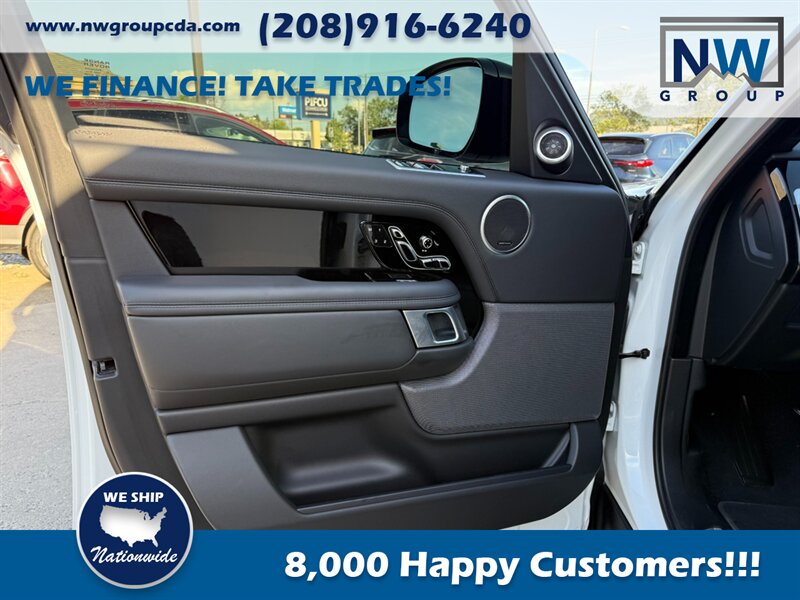 2019 Land Rover Range Rover Supercharged  Spectacular SUV. Very Low Miles. Meticulously Maintained! - Photo 6 - Post Falls, ID 83854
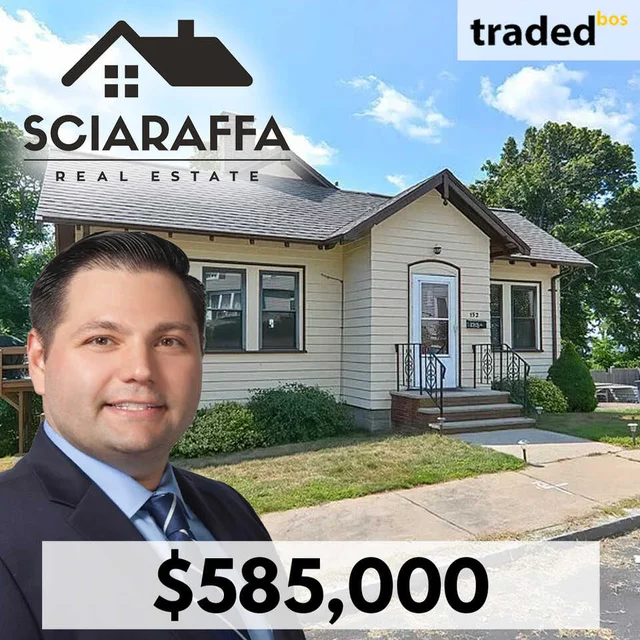 Mark Sciaraffa Acquires Single Family Home In Winthrop, MA For $585,000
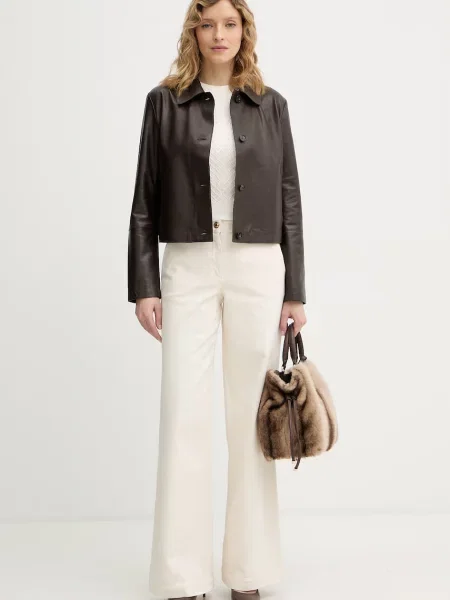 Guess sweter HANA beżowy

> The task:
Starting from the line that contains "Mark Sciaraffa Acquires", transcribe exactly each line down to the final line of the material above, excluding every picture and adding nothing else.

> Task answer:
 Mark Sciaraffa Acquires Single Family Home In Winthrop, MA For $585,000
 Guess sweter HANA beżowy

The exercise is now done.